:: Task to carry out ::
Take from the records below each line that holds "girl".

:: Records excerpted from a collection ::
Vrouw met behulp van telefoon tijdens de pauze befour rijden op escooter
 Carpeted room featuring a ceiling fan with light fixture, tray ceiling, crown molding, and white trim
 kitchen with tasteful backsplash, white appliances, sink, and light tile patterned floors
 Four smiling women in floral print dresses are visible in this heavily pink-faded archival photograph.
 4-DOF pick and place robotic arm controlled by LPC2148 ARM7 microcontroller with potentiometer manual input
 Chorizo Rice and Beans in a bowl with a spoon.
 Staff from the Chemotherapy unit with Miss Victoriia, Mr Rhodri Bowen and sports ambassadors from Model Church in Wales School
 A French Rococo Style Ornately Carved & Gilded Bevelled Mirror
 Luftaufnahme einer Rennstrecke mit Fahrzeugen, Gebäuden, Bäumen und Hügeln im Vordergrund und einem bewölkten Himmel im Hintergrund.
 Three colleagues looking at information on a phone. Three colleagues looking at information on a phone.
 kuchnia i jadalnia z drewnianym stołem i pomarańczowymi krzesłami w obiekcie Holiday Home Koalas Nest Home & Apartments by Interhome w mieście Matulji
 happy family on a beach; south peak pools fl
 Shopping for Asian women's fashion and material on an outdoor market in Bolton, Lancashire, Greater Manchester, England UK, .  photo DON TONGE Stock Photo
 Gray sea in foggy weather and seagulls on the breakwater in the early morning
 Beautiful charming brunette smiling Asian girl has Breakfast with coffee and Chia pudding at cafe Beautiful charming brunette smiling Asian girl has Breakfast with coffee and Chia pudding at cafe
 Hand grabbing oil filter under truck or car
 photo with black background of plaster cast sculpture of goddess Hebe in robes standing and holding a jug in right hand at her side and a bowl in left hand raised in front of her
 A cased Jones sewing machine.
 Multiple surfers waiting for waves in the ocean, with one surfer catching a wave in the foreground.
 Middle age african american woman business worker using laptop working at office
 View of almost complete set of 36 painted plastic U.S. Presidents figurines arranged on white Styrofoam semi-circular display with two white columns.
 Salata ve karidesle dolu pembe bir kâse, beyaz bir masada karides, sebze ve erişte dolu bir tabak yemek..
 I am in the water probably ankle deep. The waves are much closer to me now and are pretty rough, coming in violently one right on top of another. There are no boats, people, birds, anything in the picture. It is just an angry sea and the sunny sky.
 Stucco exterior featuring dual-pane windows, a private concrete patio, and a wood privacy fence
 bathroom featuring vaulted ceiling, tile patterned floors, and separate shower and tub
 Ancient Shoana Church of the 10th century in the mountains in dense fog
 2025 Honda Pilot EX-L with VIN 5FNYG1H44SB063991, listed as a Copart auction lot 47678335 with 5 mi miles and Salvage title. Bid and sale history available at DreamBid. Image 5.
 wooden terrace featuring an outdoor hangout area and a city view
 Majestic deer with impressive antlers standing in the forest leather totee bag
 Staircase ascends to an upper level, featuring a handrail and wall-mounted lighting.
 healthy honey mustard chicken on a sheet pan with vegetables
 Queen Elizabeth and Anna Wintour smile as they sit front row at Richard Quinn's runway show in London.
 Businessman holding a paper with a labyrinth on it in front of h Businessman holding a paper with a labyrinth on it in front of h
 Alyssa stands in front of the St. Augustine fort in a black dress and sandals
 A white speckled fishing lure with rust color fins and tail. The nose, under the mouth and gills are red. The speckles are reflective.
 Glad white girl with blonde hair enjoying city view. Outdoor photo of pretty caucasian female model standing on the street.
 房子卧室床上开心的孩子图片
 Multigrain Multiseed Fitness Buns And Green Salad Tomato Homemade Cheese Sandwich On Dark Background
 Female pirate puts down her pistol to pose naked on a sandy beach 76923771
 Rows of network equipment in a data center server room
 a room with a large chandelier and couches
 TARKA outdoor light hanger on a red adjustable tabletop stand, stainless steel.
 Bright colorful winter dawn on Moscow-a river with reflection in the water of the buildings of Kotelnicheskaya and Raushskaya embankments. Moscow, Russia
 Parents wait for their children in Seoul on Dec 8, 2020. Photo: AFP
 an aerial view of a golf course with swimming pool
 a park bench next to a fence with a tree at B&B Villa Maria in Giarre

:: Task answer ::
 Beautiful charming brunette smiling Asian girl has Breakfast with coffee and Chia pudding at cafe Beautiful charming brunette smiling Asian girl has Breakfast with coffee and Chia pudding at cafe
 Glad white girl with blonde hair enjoying city view. Outdoor photo of pretty caucasian female model standing on the street.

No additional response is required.